The Discovery team have been focused on developing and deploying new features, and understanding our short to medium term priorities.
Thanks to Manish our Content Analysis Pipeline is more stable, and further work carrying on into the next sprint will help with scalability. Stability has allowed us to roll out the feeds management work by Frankie. This both allows us to manage all the content (RSS, Twitter and YouTube) feeds that we receive, and suggests new sources based on links we find whilst analysing content.
We have been working with myBBC to understand how we might contribute to recommendation systems (Chris, Thomas and Manish) and with News and NewsLabs (Olivier) to understand and scope out their future requirements.
Katie has been leading the collaboration with The Arts and Events team in Scotland. Using the Hay Literary Festival, Chris explored how we could identify significant people, locations and creative works associated with events such as arts and music festivals. He developed a script which uses festival websites or downloadable programmes to suggest candidates which could then be vetted by the user to produce a formatted search query for our editorial algorithms. Using this technique we provided a constantly updating stream of content to the team covering Hay. The learning from this is feeding into our work with them on the upcoming Edinburgh Festivals (International, Fringe, Book and Film).
David has been exploring different ways of presenting the content we find that try to answer some of the requests for time and/or topic based searching that we’ve had from our users.
Michel has continued his work on the comparison of tone analysis from audio and video, with sentiment analysis of the subtitles of the same content. He’s also broadening his knowledge with a course on Neural Networks.

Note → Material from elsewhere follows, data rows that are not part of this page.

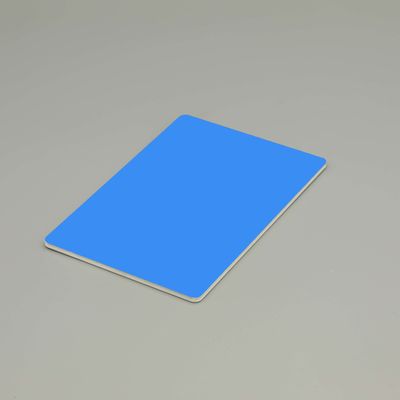 3 - 7 mm 244 cm Pantaloni compositi in alluminio a prova di fuoco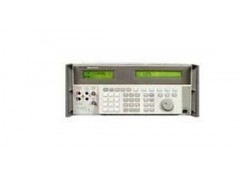 Fluke 5520A 福祿克多產品校準器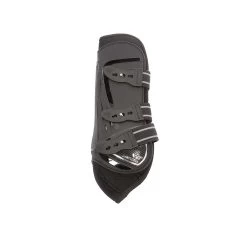 Lamicell Dressuur Beenbeschermers V22 Carbon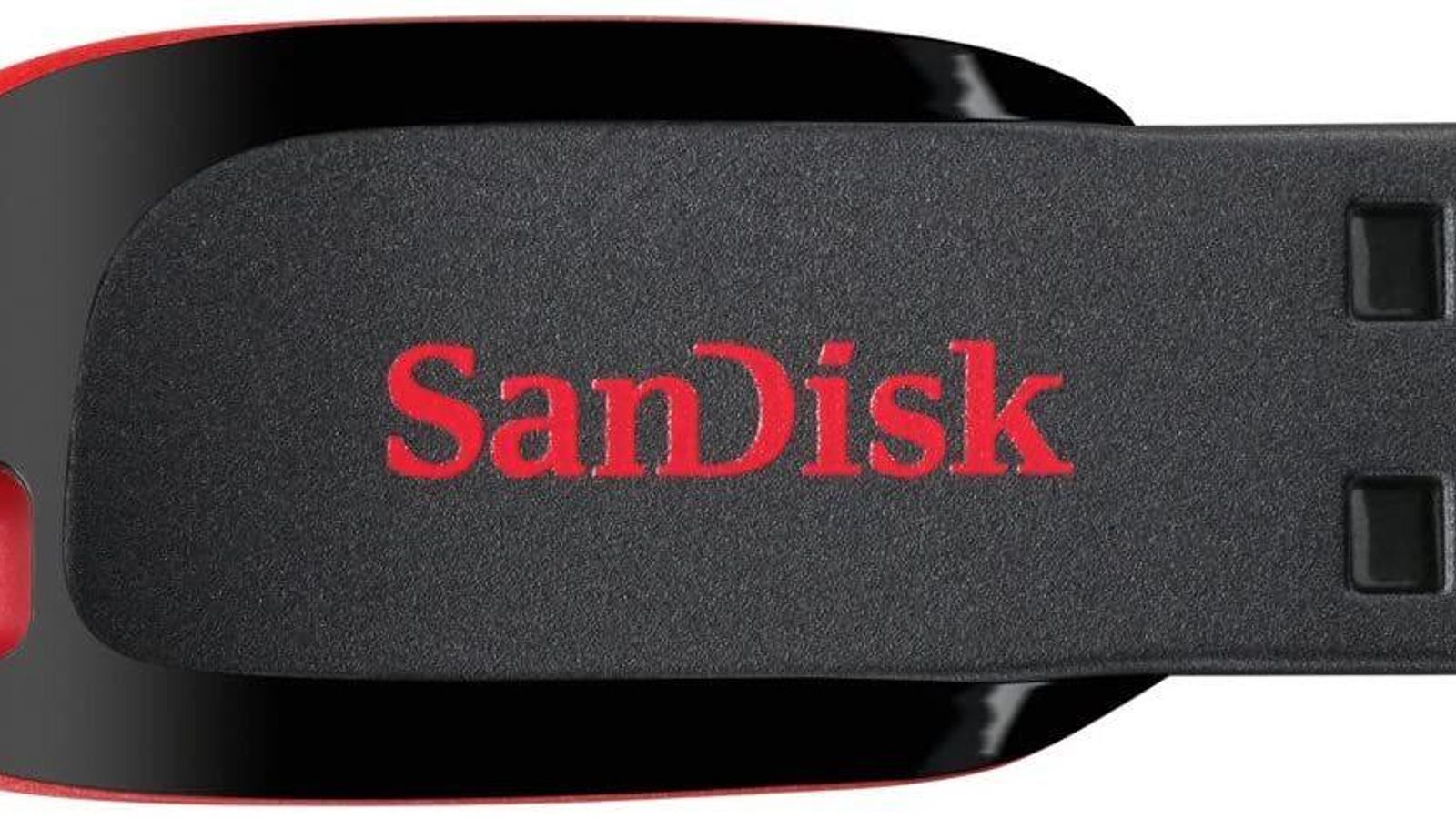 Memoria USB de 2.0 de 16 GB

Our third blog post "Using Algorithms to Understand Content" where we we look at our attempts at teach algorithms to understand what content is about, was published by Georgios and Olivier, complete with Dalek graphic.
Finally, we started an exercise in Story Mapping to help us all understand and focus on our priorities. It’s a technique that should help us see the details of the work, without losing sight the bigger picture - an oft stated problem with agile teams and standard backlogs. We’ll see how it works out for us.

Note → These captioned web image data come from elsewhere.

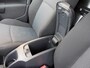 Mercedes-Benz Citan 1.5 CDI AIRCO, CRUISE-CONTR, NAVI., CAMERA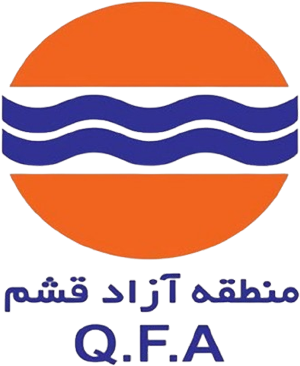 Qeshm Free Zone Organization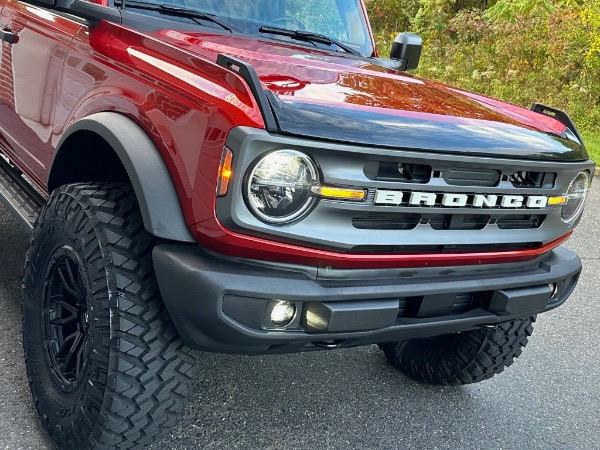 Used-2023-Ford-Bronco-Big-Bend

Qiong Hu has joined the Data team for three months. She’s come from the Centre for Speech Technology Research at Edinburgh University. She is looking at writing some text-to-speech software so we can trial synthesising the voices of 'BBC Talent’.
Qiong has prepared a test database using BBC Weather forecasts due to their optimal recording conditions. She aligned the audio to the subtitles using the Kaldi software we use and is now using that to train a model for synthesising the presenter’s voice.
Ben and Matt have been working with Thomas and Manish to set up Artifactory on the public cloud, which will enable us to host package repositories for almost any type of software package, for example Docker images, Debian packages or Rubygems. This sprint we got test uploads and install of those three types working. We have a few more issues to iron out but it’s looking good so far, we hope it should be ready for use soon.
Denise presented her work on Pace and Tone Music Playlist Classification to the team last Thursday. She is writing up her findings in a Technote and Executive Summary for R&M stakeholders. Denise has also delivered Pace and Tone data to MyBBC for consideration in their applications.
Ben has provided a CODAM ‘micro service’ to BBC News that will allow them to fingerprint videos from Jupiter. Over the last few weeks they have began integration and are almost ready to begin testing.
For Speech to Text, we have finished integrating an improved Voice Activity Detection algorithm into the software. This works alongside LIUM which is the original tool we used for speaker diarization. The improved algorithm fixes some of LIUM’s mistakes and leads to just over 2% improvement in error rate.
Some of our smaller projects:
Tim attended meetings to wrap up the World Service Archive project to get the outputs of our Archive prototype inside the BBC's systems so they appear on the main BBC /programmes site.
Chris N chairs the W3C TV Control Working Group where they discussed radio use cases and what’s needed to publish a First Public Working Draft specification.
Henry helped Connected Studio run their VR demos.
Chris Newell and Libby are preparing to make a T in the Park "Shuffle" prototype, so made a quick version for Big Weekend to test the infrastructure.
We say goodbye to our UX trainee Calliope this week - all the best, Calliope!